[Stored data]

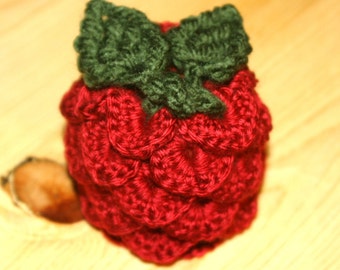 CROCHET PATTERN - Crocodile Stitch Apple Cozy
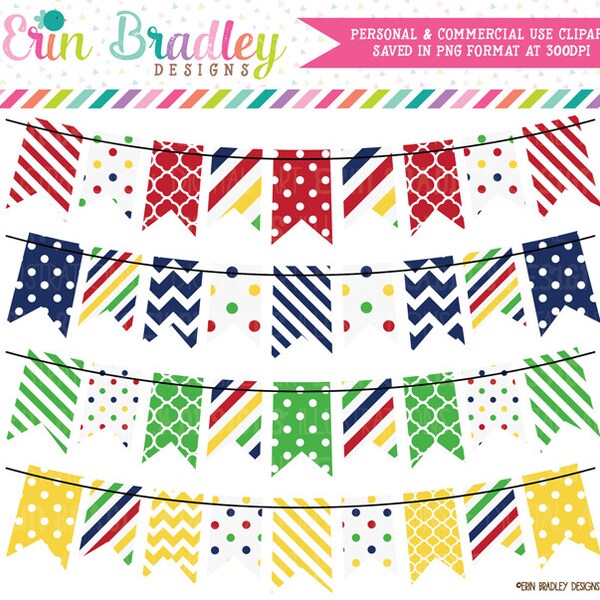 Gingham Bunting - Etsy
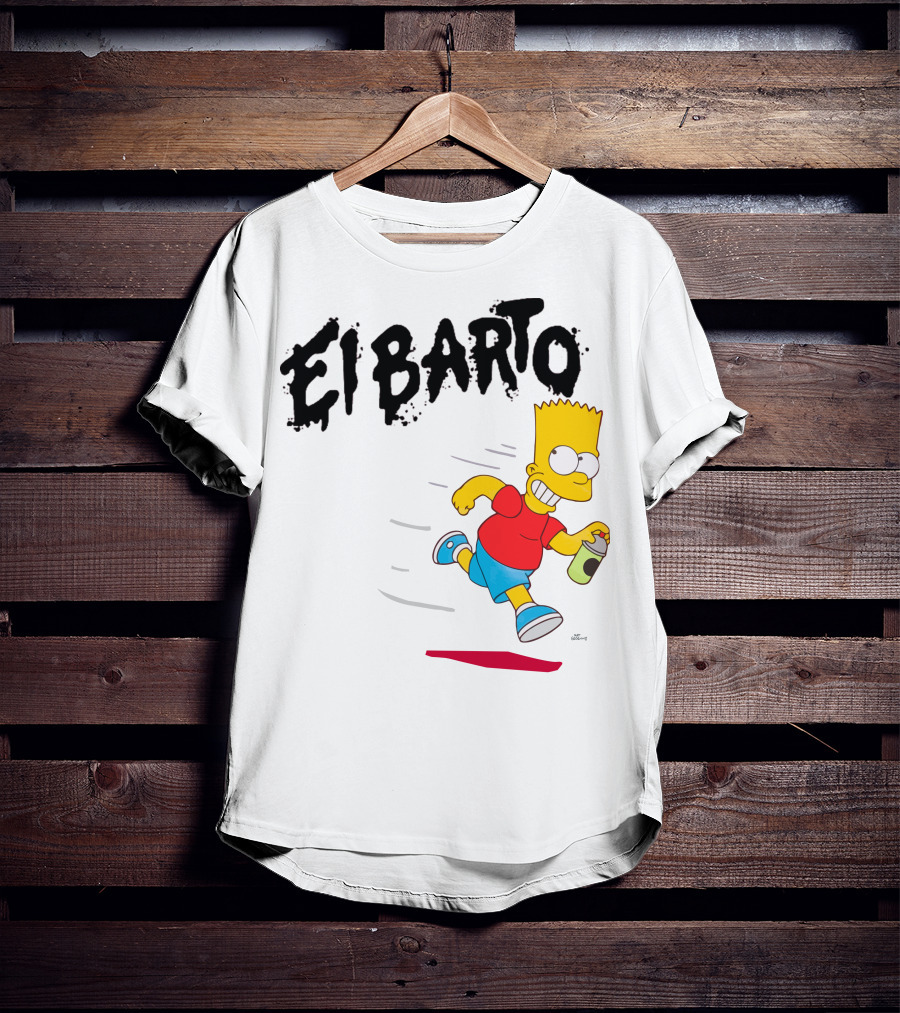 Vans Simpsons El Barto Bart Simpson Spray Can T-Shirt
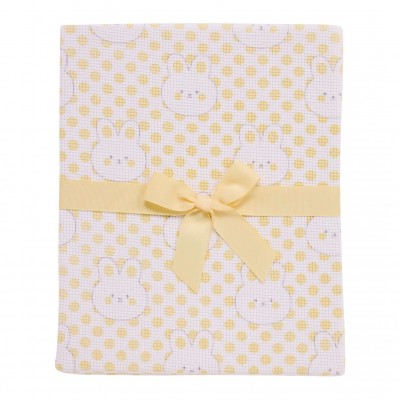 DAS BABY ΚΟΥΒΕΡΤΑ ΠΙΚΕ 75X100 RELAX 4961 YELLOW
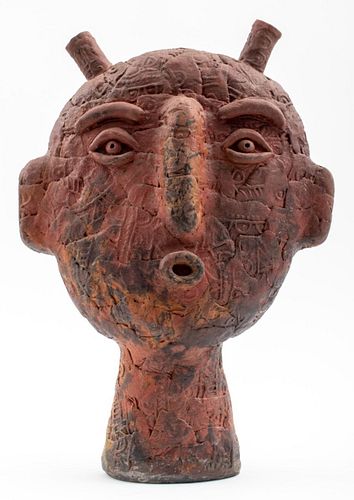 Louis Mendez Modern Contemporary Head Sculpture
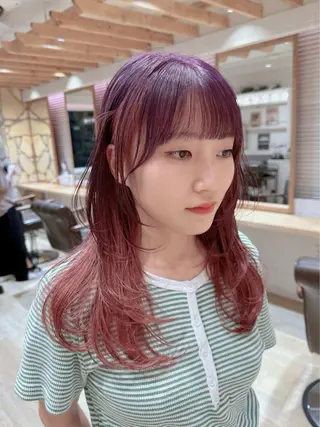 ロング 新宿 木下拓哉のヘアスタイル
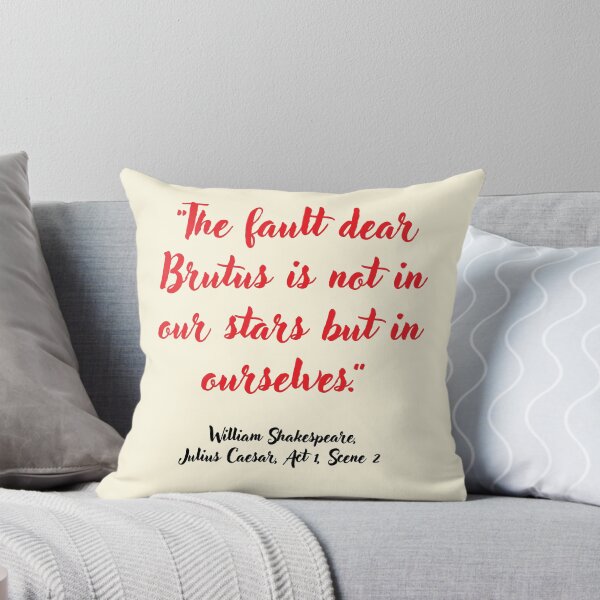 Item preview, Lit Shakespeare Quote from Julius Caesar designed and sold by CharlottePlaceArt.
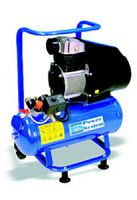 Piston compressor airelectrically-poweredon casters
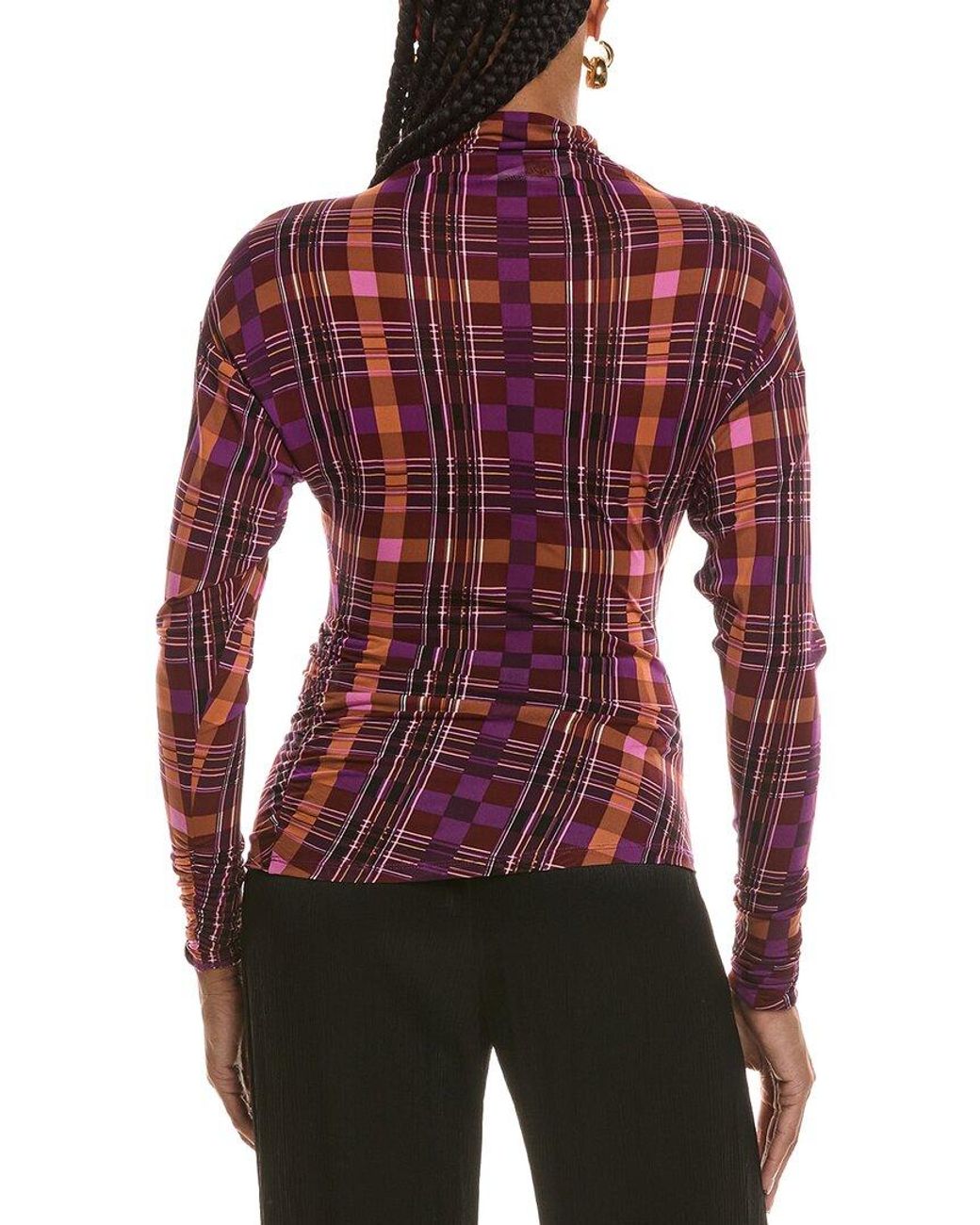 Diane von Furstenberg Red Tatum Turtleneck Top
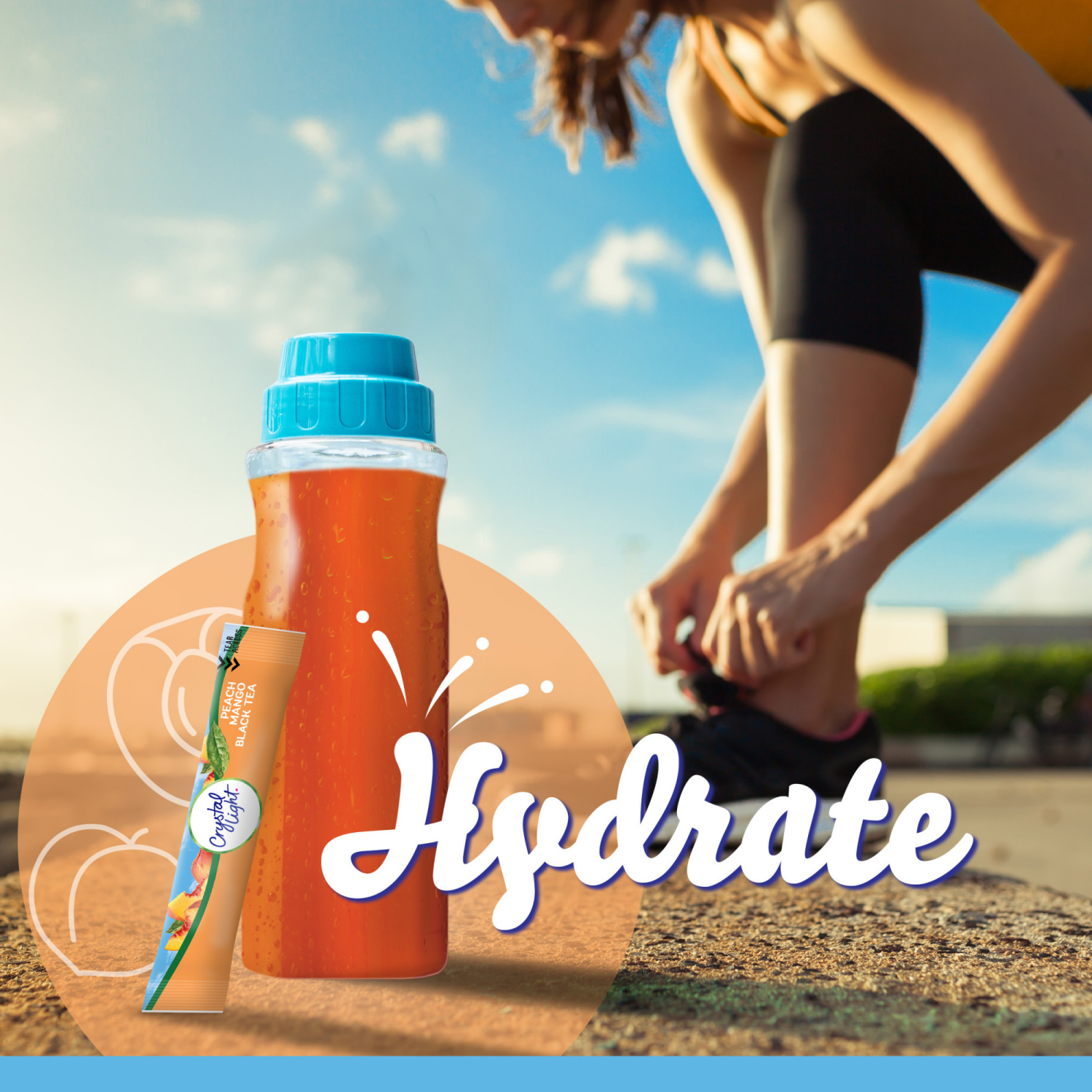 slide 2 of 5, Crystal Light Peach Iced Tea Powdered Drink Mix, 10 ct - 0.7 oz Packets, 19.8 oz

EXERCISE. Write out the records once more, word for word, though without the pictures they contain.

RESPONSE.
 CROCHET PATTERN - Crocodile Stitch Apple Cozy
 Gingham Bunting - Etsy
 Vans Simpsons El Barto Bart Simpson Spray Can T-Shirt
 DAS BABY ΚΟΥΒΕΡΤΑ ΠΙΚΕ 75X100 RELAX 4961 YELLOW
 Louis Mendez Modern Contemporary Head Sculpture
 ロング 新宿 木下拓哉のヘアスタイル
 Item preview, Lit Shakespeare Quote from Julius Caesar designed and sold by CharlottePlaceArt.
 Piston compressor airelectrically-poweredon casters
 Diane von Furstenberg Red Tatum Turtleneck Top
 slide 2 of 5, Crystal Light Peach Iced Tea Powdered Drink Mix, 10 ct - 0.7 oz Packets, 19.8 oz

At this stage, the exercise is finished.